Can I freeze milk, cheese, butter and other dairy products?
We get this question often, usually either when someone spots a fantastic sale on butter at the grocery store and wants to stock up, or when they go on vacation for a couple weeks and want to know if they can freeze some of the dairy items in their fridge instead of throwing them out. Here’s what we recommend:
Cheese: Most cheese can be frozen; however, freezing can affect the texture. Thaw the cheese in the refrigerator before using, and use it in cooked dishes. Block cheese becomes dry and crumbly when frozen and thawed, so grate the cheese before freezing for easy use. If stored in a freezer bag, it can be kept frozen for up to 2 months.

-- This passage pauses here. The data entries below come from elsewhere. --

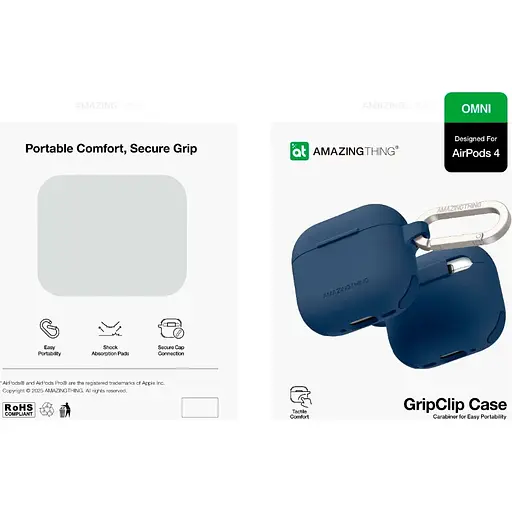 Чехол AmazingThing Omni GripClip Case для Apple AirPods 4 Titan Blue (APRO4OMDB) [131103] - фото 4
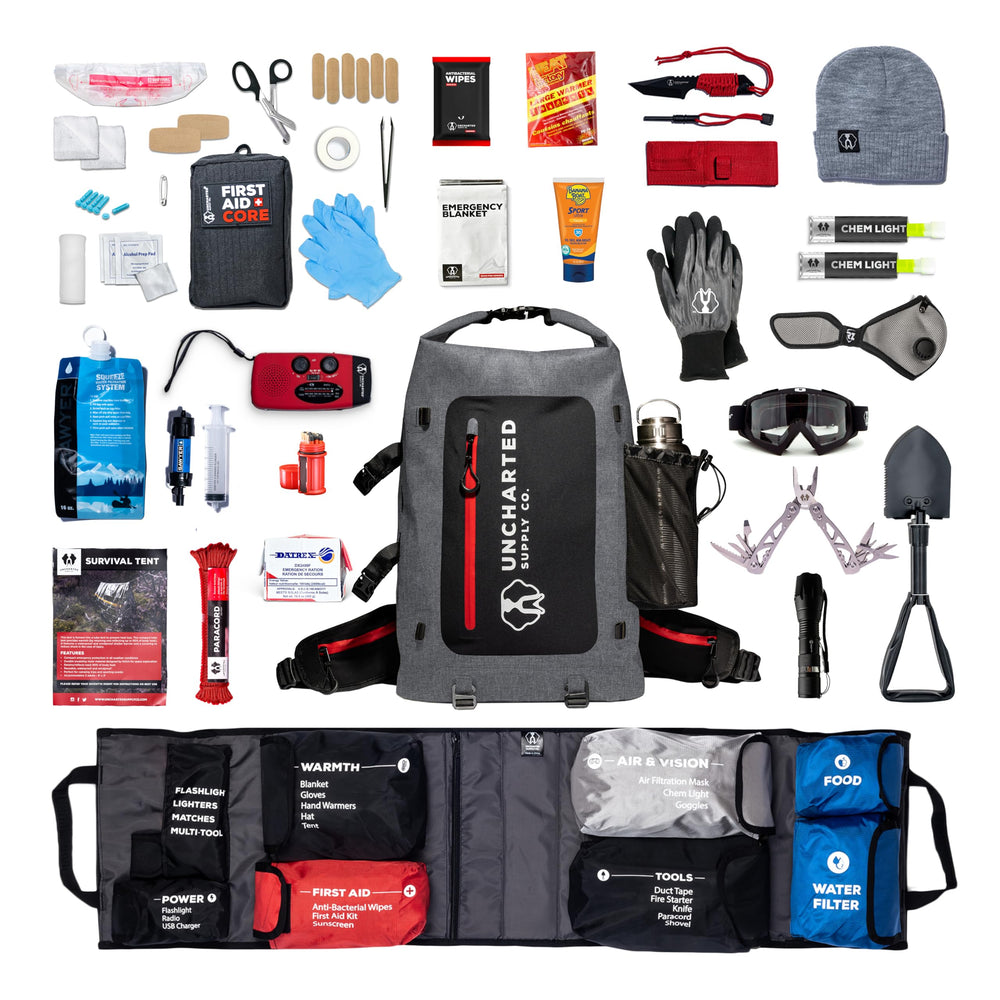 Uncharted Supply Co. Seventy2 backpack ready for quick access during emergencies.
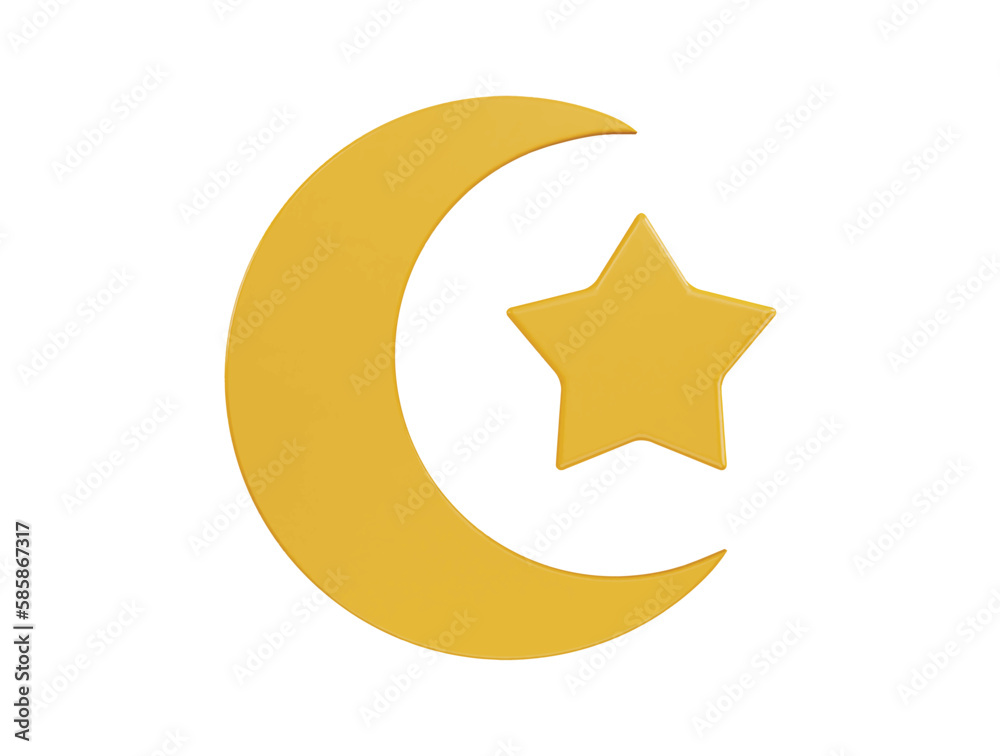 moon and star islamic icon 3d rendering vector illustration moon and star islamic icon 3d rendering vector illustration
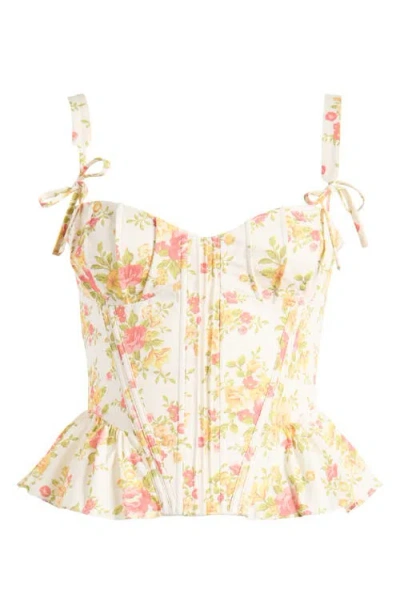 House Of Cb Gigou Print Corset Camisole In July Cottage Cream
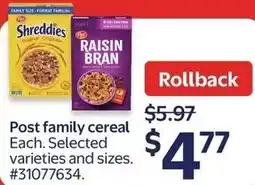 Walmart Post family cereal offer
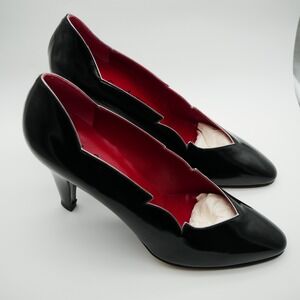 Yves Saint Laurent‎ Vintage Black Leather Scalloped Pumps Red Lining 38.5 Italy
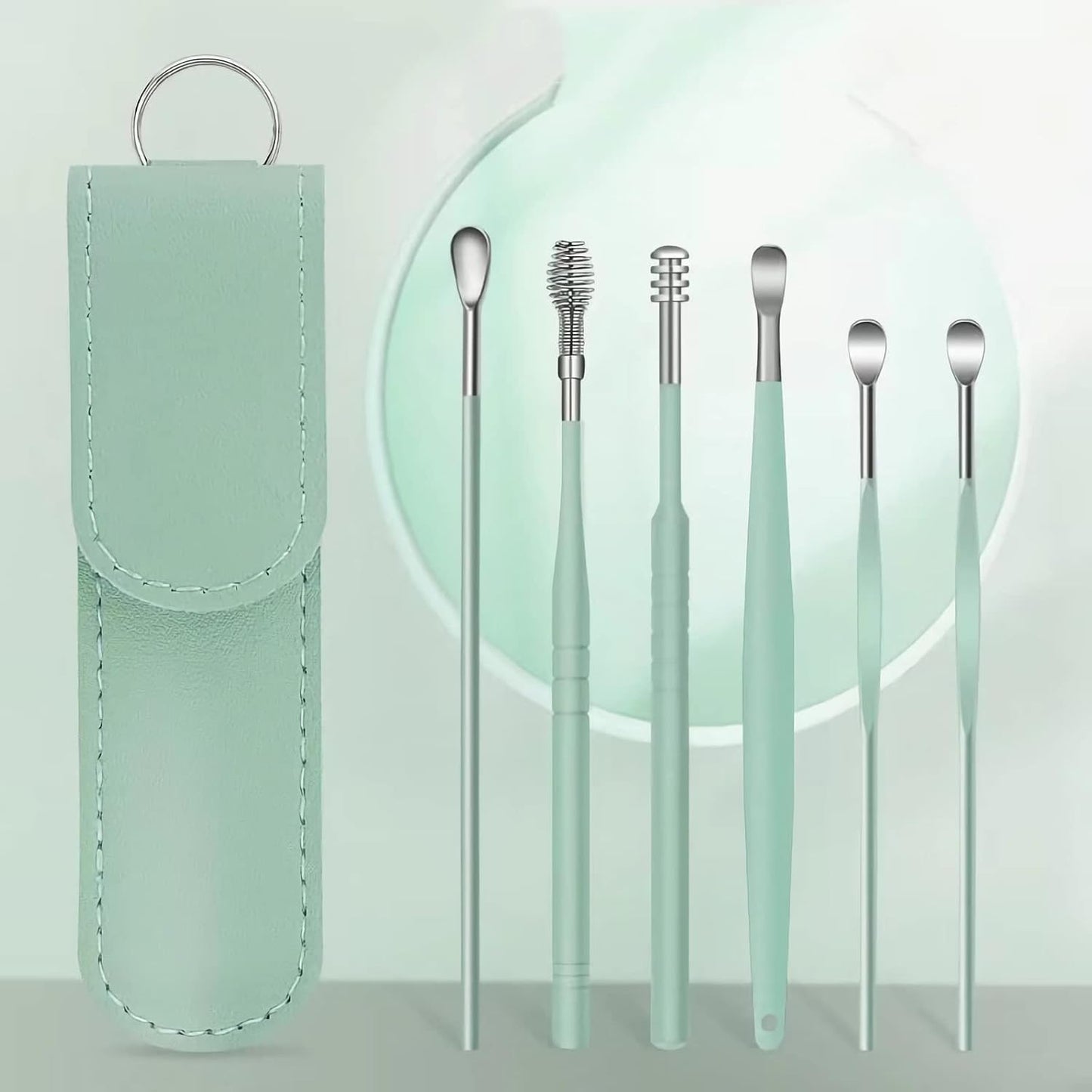 12 Pcs Ear Pick Earwax Removal Kit, Ear Cleaning Tool, Stainless Steel Earwax Removal Tool with Leather Storage Box (Blue&Green)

Milk: Both regular milk (skim through whole) and buttermilk can be frozen for 1-2 months. When you’re ready to use it, thaw it in the refrigerator. As milk and buttermilk can separate after thawing, they may need to be beaten with a mixer or shaken well before using. Milk that’s been frozen and thawed is best used in cooked/baked dishes.
Cream: Depends on what you plan to use it for. Cream separates once thawed and needs whisking to reincorporate. Whipping cream that has been frozen will not whip to the same volume as usual, so it’s best used in baking or casseroles. However, whipped cream can be frozen in mounds on a tray to top desserts.
Butter: You can freeze it for 6-8 months if you wrap it well in plastic wrap and place it in a sealed freezer bag. Make sure there’s nothing with a pungent odour or flavour in the freezer, as there’s a risk the taste could transfer to the butter. Try freezing butter in 1/2-cup portions for easy use, then thaw in the refrigerator when you need it.
Sour Cream and Yogurt: Do not freeze either of these. They become grainy and separate.
Cream Cheese: Full-fat cream cheese can be frozen with varying results and texture changes. After thawing, use it promptly in cooked dishes or dips and sauces. Do not freeze low-fat cream cheese.